After Thor’s Valentine Day sweater was blocked and dried, he graciously agreed to model it for blog post pictures.
First Picture: Raglan sleeves work well on Thor. This picture shows how the faux (twist) cables I worked in between the decrease stitches (separated by a purl stitch) morphed beautifully into the cables on the neckline.
It is important to be sure and use a good, well-spun wool when making a kangaroo pocket. Otherwise, you risk both the pocket pulling the sweater out of shape or stretching out and becoming more of a hanging pouch than a neat, kangaroo pocket.
Thor is quite happy with this sweater!
I’ve also been baking breads … here are some pictures of this week’s efforts.
First is a picture of my first attempt at making a couronne (crown). I used Peter Reinhart’s recipe for Pain de Campagne (“a type of sourdough bread used throughout France for many types of breads sold under various local names”). It was leavened with a pâte fermentée and proofed in a brotform.

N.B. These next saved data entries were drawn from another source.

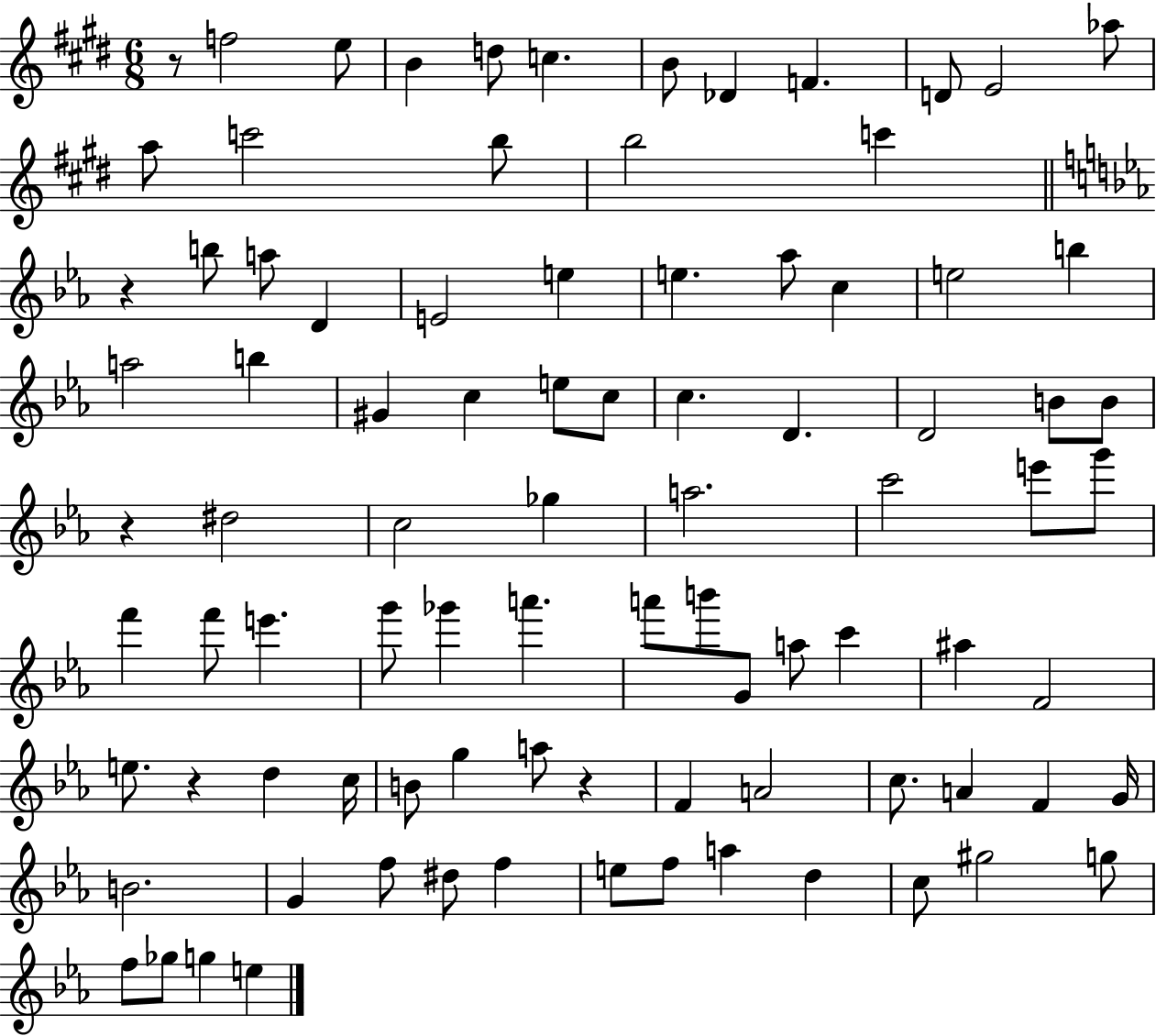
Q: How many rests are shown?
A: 5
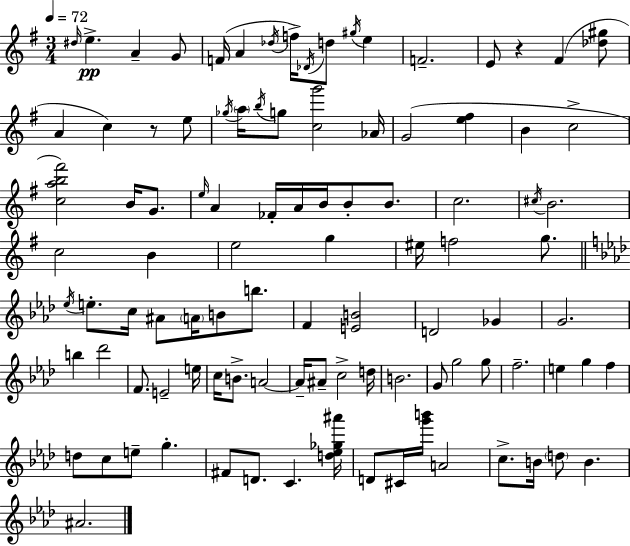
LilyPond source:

{
  \clef treble
  \numericTimeSignature
  \time 3/4
  \key e \minor
  \tempo 4 = 72
  \repeat volta 2 { \grace { dis''16 }\pp e''4.-> a'4-- g'8 | f'16( a'4 \acciaccatura { des''16 } f''16->) \acciaccatura { des'16 } d''8 \acciaccatura { gis''16 } | e''4 f'2.-- | e'8 r4 fis'4( | \break <des'' gis''>8 a'4 c''4) | r8 e''8 \acciaccatura { ges''16 } \parenthesize a''16 \acciaccatura { b''16 } g''8 <c'' g'''>2 | aes'16 g'2( | <e'' fis''>4 b'4 c''2-> | \break <c'' a'' b'' fis'''>2) | b'16 g'8. \grace { e''16 } a'4 fes'16-. | a'16 b'16 b'8-. b'8. c''2. | \acciaccatura { cis''16 } b'2. | \break c''2 | b'4 e''2 | g''4 eis''16 f''2 | g''8. \bar "||" \break \key f \minor \acciaccatura { ees''16 } e''8.-. c''16 ais'8 \parenthesize a'16 b'8 b''8. | f'4 <e' b'>2 | d'2 ges'4 | g'2. | \break b''4 des'''2 | f'8. e'2-- | e''16 c''16 b'8.-> a'2~~ | a'16-- ais'8-- c''2-> | \break d''16 b'2. | g'8 g''2 g''8 | f''2.-- | e''4 g''4 f''4 | \break d''8 c''8 e''8-- g''4.-. | fis'8 d'8. c'4. | <d'' ees'' ges'' ais'''>16 d'8 cis'16 <g''' b'''>16 a'2 | c''8.-> b'16 \parenthesize d''8 b'4. | \break ais'2. | } \bar "|."
}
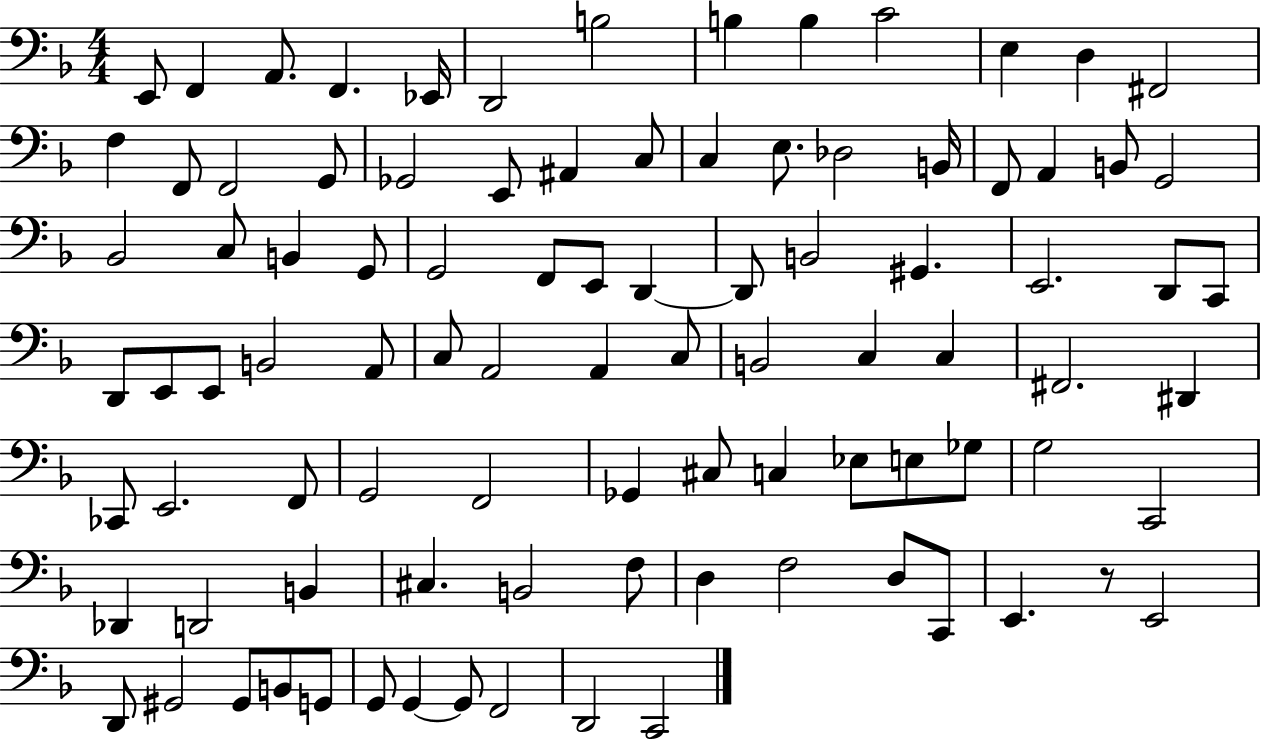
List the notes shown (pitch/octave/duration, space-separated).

E2/e F2/q A2/e. F2/q. Eb2/s D2/h B3/h B3/q B3/q C4/h E3/q D3/q F#2/h F3/q F2/e F2/h G2/e Gb2/h E2/e A#2/q C3/e C3/q E3/e. Db3/h B2/s F2/e A2/q B2/e G2/h Bb2/h C3/e B2/q G2/e G2/h F2/e E2/e D2/q D2/e B2/h G#2/q. E2/h. D2/e C2/e D2/e E2/e E2/e B2/h A2/e C3/e A2/h A2/q C3/e B2/h C3/q C3/q F#2/h. D#2/q CES2/e E2/h. F2/e G2/h F2/h Gb2/q C#3/e C3/q Eb3/e E3/e Gb3/e G3/h C2/h Db2/q D2/h B2/q C#3/q. B2/h F3/e D3/q F3/h D3/e C2/e E2/q. R/e E2/h D2/e G#2/h G#2/e B2/e G2/e G2/e G2/q G2/e F2/h D2/h C2/h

Here is a picture of the two loaves I just took out of the oven. They’re both Jewish (aka deli) ryes. The recipe is based on George Greenstein’s Secrets of a Jewish Baker: Authentic Jewish Rye and Other Breads. I prefer dark rye flours (must be my Norwegian childhood) so instead of using the standard white rye flour, I used dark rye flour in the 750g starter. (White rye flour is to dark rye flour what white flour is to whole wheat flour).
Without exception, every person who has told me they don’t like rye breads loves the ryes I make that don’t have caraway seeds. I make many types of rye breads, but I only use caraway seeds in the Jewish/deli ryes (which is the traditional way).
If you like rye breads, I urge you to skip trying to sour a dry-yeast leavened rye bread with dried onions, pickle juice or artificial flavors. Experiment with sourdoughs! Nothing beats the complex flavors of a “real” sourdough (rye or otherwise)!